The presidential chair was occupied by puritanical
sanctimony,—his Excellency William McKinley. To preserve for a short time so
conspicuous an appearance before the world, he was content to eat the dust before
the real masters who stood erect behind the throne.
In the background the heir presumptive was a-hunting.
And some one was busy fishing in muddy waters—Abner McKinley, the worthy brother
of William. He had charge of affairs that could not be reconciled with the dignity
of the President.
Everything was in perfect order. Dignity had to
be maintained at all costs. Mud-raking vocabulary was not tolerated. Terms like
mollycoddle, milksop, fourflusher, liar, and rascal were not in vogue.

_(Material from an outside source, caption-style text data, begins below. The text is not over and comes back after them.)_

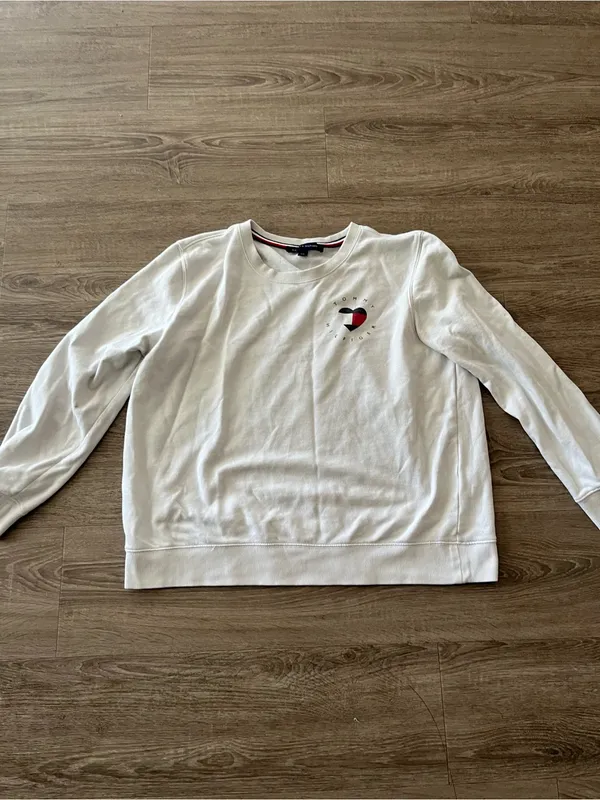 Tommy Hilfiger Womens Crewneck Sweatshirt Large White Heart Logo Cotton Preppy - Image 2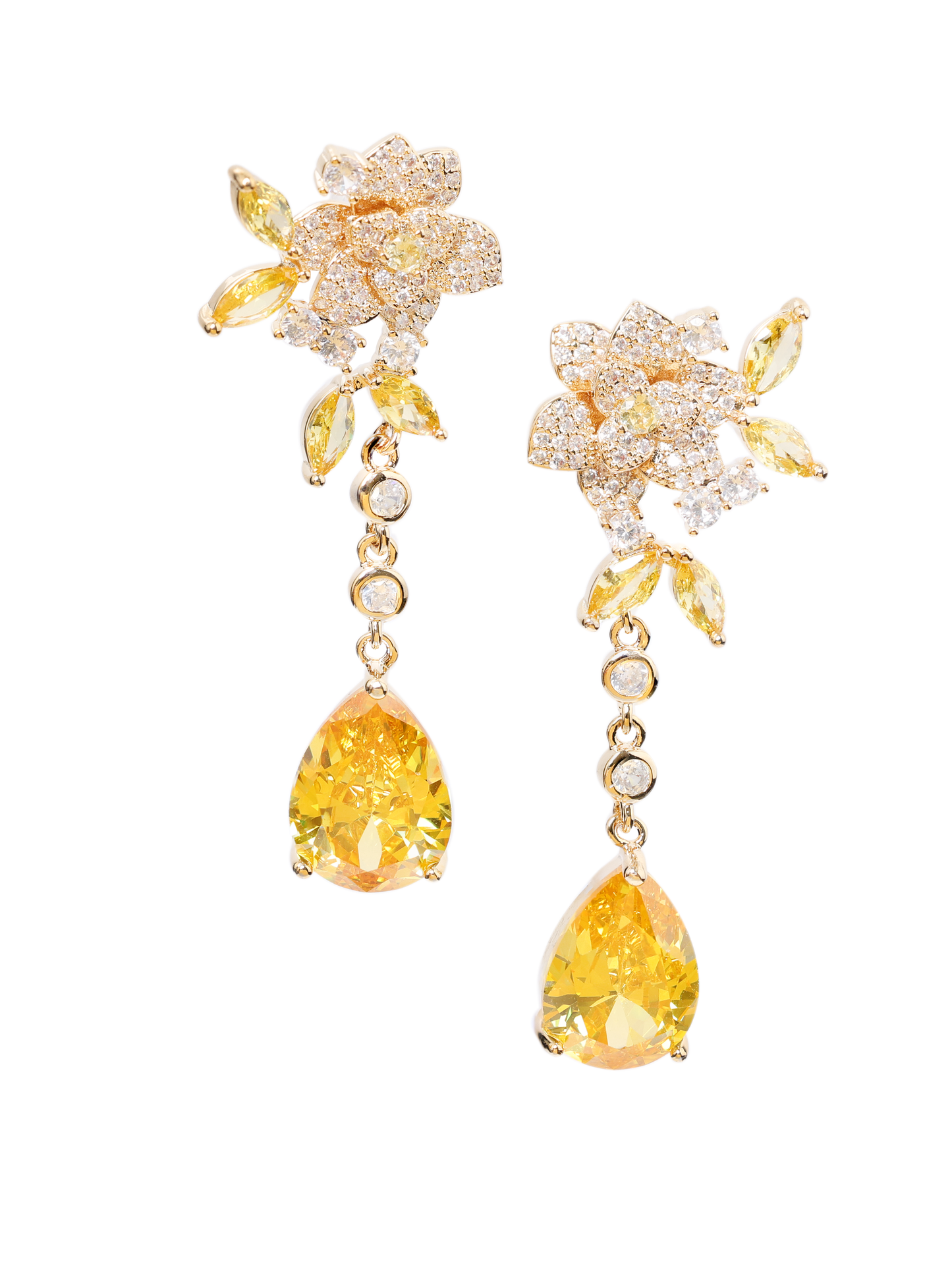 Dangle Earrings Blooming Floral Premium Yellow and White Zirconia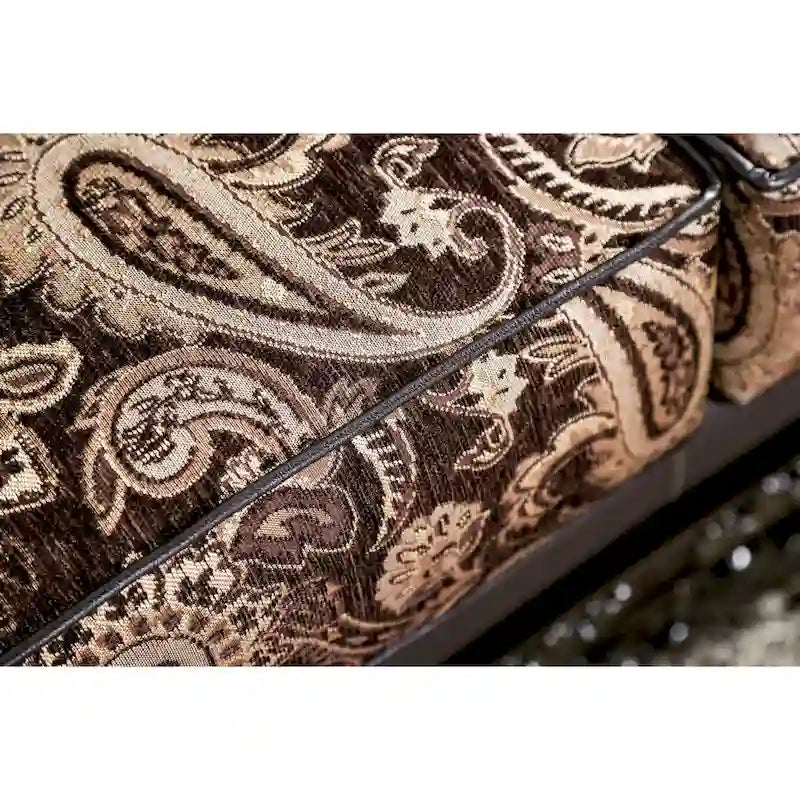 Causeuse semi-ferme Dayaram en chenille marron traditionnelle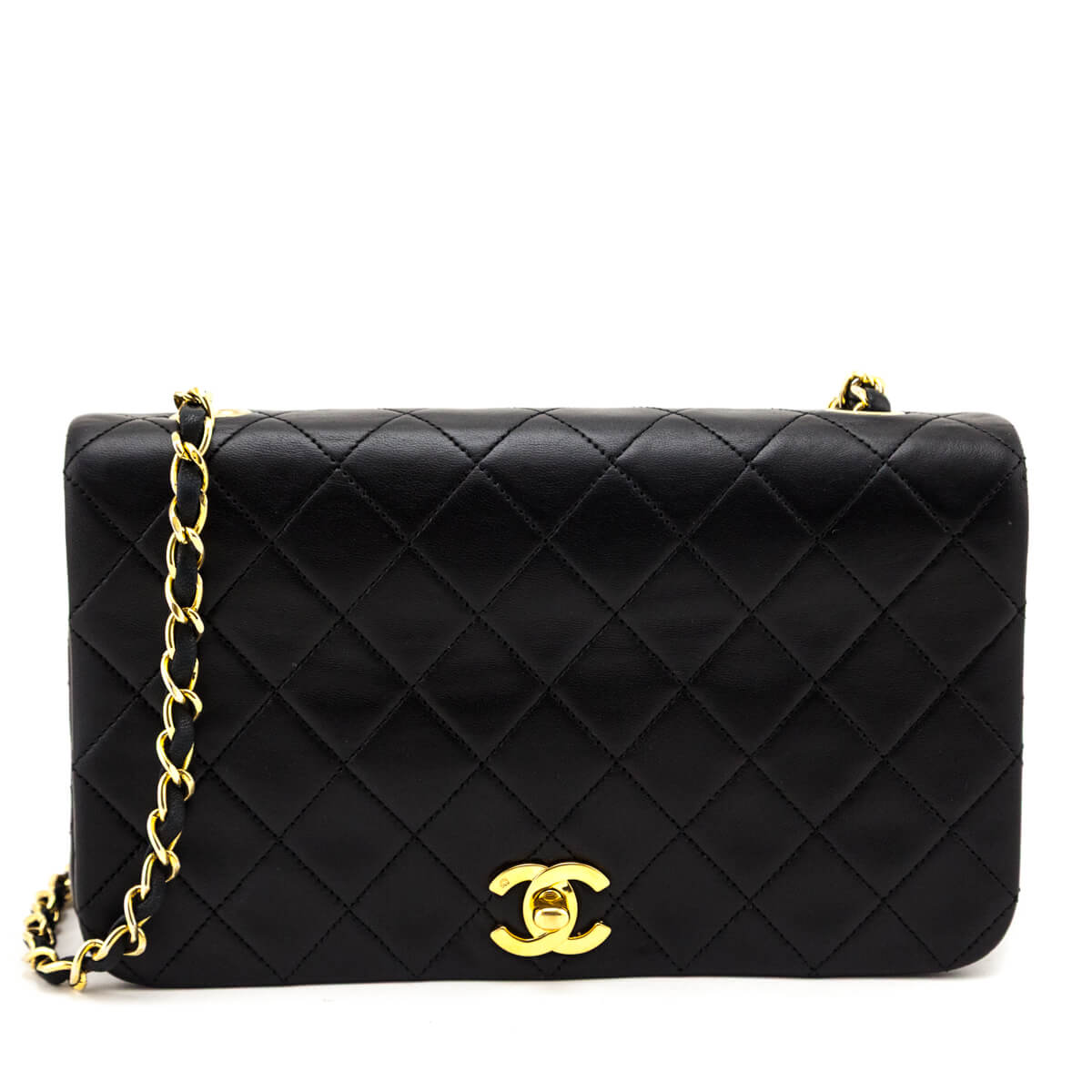 Chanel Black Lambskin Quilted Vintage Small Full Flap Crossbody Bag - Love that Bag etc - Preowned Authentic Designer Handbags & Preloved Fashions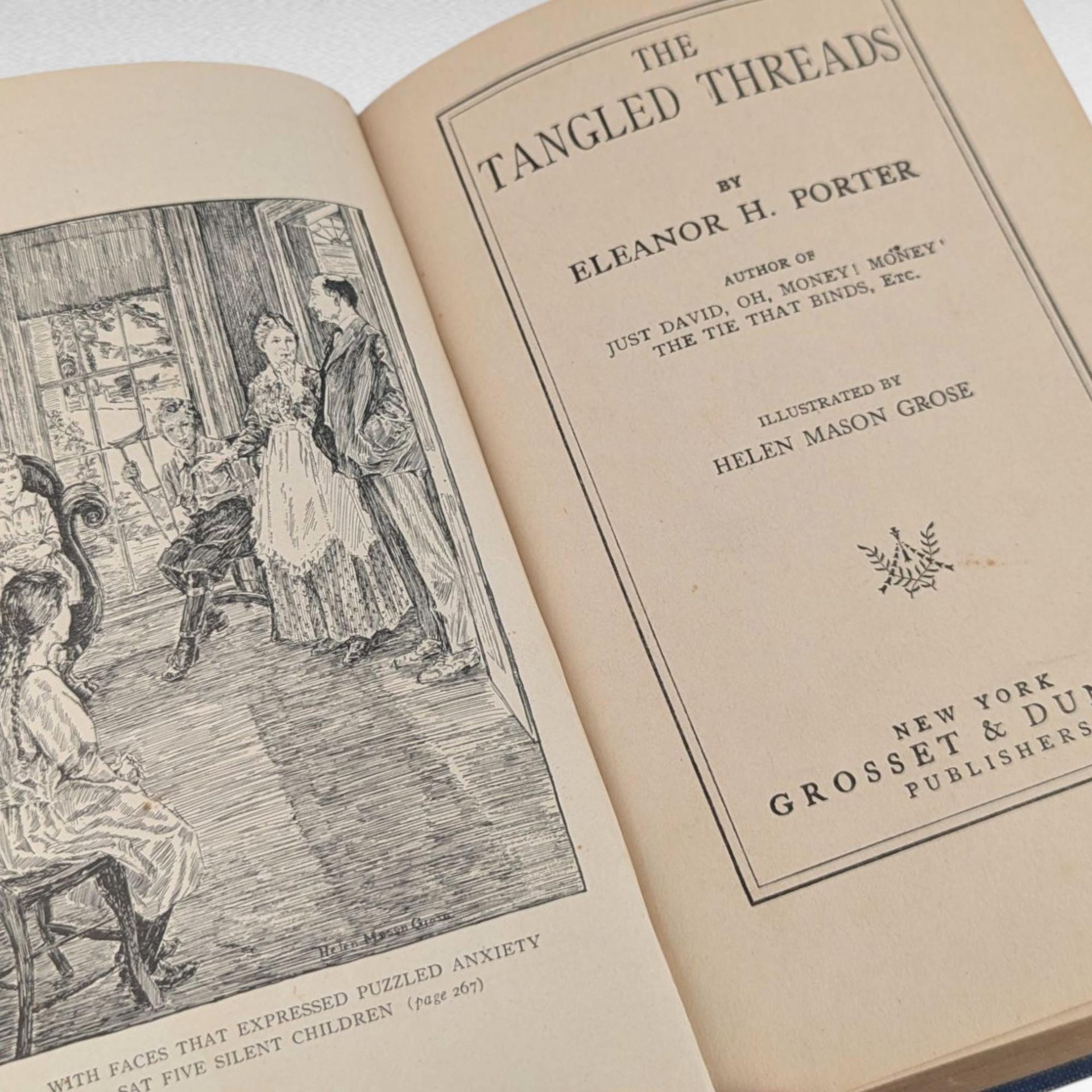 1919 Tangled Threads Eleanor Porter, Antique Illustrated Book, Helen Mason Grose, Collectible Literature, Vintage Novel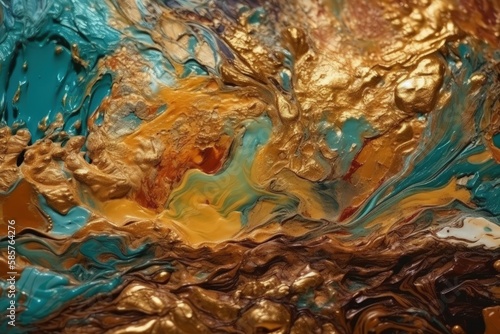 close-up view of a painting with vibrant gold and blue colors. Generative AI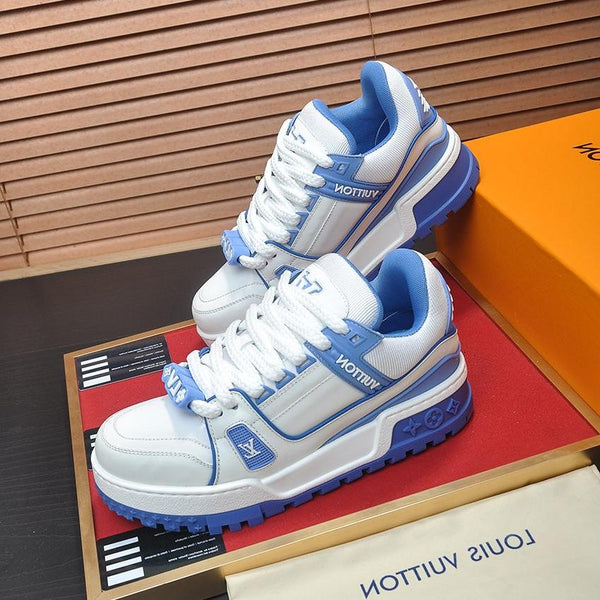 LV TRAINER MAXI SNEAKER WHITE MIX BLUE CALFSKIN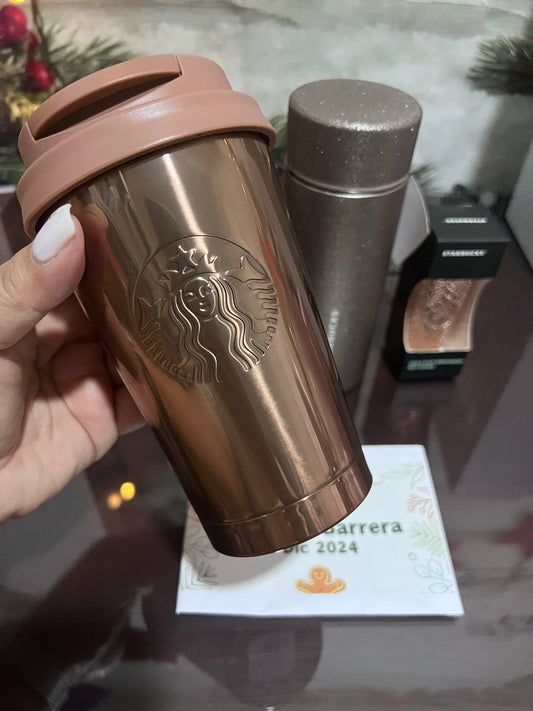 Japón vaso de acero inoxidable TOGO dorado 355 ml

Hanna
liked patriarchal ways.
Like the Rattenfänger von Hameln, the full
dinner pail lured the disinherited children of Europe to the golden [320][321]
shores of limitless possibilities. Bankrupt aristocrats were doing a flourishing
business. The daughters of Columbia joyfully exchanged the millions, coined
from the flesh and blood of their wage slaves, for titles of nobility.
All had signed their souls to his Majesty, Satan
Get-Rich-Quick.
The little victims of the cotton mills in the
South cried to deaf ears; no one heard the groans of the haggard workers in
the sweat-shops; in vain, too, the curses of the men in the bowels of the earth;
in vain the cry of despair of the disinherited. No one heard, all were deaf.
The air was heavily charged with the odor of hypocritical
respectability. It was a glorious time.
Suddenly the lightning struck. Avenging justice
made its mighty voice heard.
“Nearer my God to Thee.”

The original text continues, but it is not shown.